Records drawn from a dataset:
Segment Open

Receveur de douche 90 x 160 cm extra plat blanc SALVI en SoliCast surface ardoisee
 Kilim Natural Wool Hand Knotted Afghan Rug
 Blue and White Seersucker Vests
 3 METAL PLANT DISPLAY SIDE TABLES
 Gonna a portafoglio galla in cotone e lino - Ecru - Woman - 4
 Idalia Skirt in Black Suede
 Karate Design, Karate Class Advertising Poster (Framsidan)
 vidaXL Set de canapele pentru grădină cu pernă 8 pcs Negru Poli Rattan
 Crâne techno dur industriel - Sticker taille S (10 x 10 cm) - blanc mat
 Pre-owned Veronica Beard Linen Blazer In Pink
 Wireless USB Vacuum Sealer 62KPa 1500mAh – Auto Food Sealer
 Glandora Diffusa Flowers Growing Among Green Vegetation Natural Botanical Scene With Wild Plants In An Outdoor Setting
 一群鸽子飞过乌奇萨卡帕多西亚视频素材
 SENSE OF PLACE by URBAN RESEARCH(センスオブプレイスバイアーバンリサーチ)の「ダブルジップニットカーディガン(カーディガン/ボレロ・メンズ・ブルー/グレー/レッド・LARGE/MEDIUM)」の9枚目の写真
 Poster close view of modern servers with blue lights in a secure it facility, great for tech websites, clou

Segment Closed

» TASK TO CARRY OUT: The answer must be every entry, reproduced exactly.

» WRITTEN SOLUTION:
Receveur de douche 90 x 160 cm extra plat blanc SALVI en SoliCast surface ardoisee
 Kilim Natural Wool Hand Knotted Afghan Rug
 Blue and White Seersucker Vests
 3 METAL PLANT DISPLAY SIDE TABLES
 Gonna a portafoglio galla in cotone e lino - Ecru - Woman - 4
 Idalia Skirt in Black Suede
 Karate Design, Karate Class Advertising Poster (Framsidan)
 vidaXL Set de canapele pentru grădină cu pernă 8 pcs Negru Poli Rattan
 Crâne techno dur industriel - Sticker taille S (10 x 10 cm) - blanc mat
 Pre-owned Veronica Beard Linen Blazer In Pink
 Wireless USB Vacuum Sealer 62KPa 1500mAh – Auto Food Sealer
 Glandora Diffusa Flowers Growing Among Green Vegetation Natural Botanical Scene With Wild Plants In An Outdoor Setting
 一群鸽子飞过乌奇萨卡帕多西亚视频素材
 SENSE OF PLACE by URBAN RESEARCH(センスオブプレイスバイアーバンリサーチ)の「ダブルジップニットカーディガン(カーディガン/ボレロ・メンズ・ブルー/グレー/レッド・LARGE/MEDIUM)」の9枚目の写真
 Poster close view of modern servers with blue lights in a secure it facility, great for tech websites, clou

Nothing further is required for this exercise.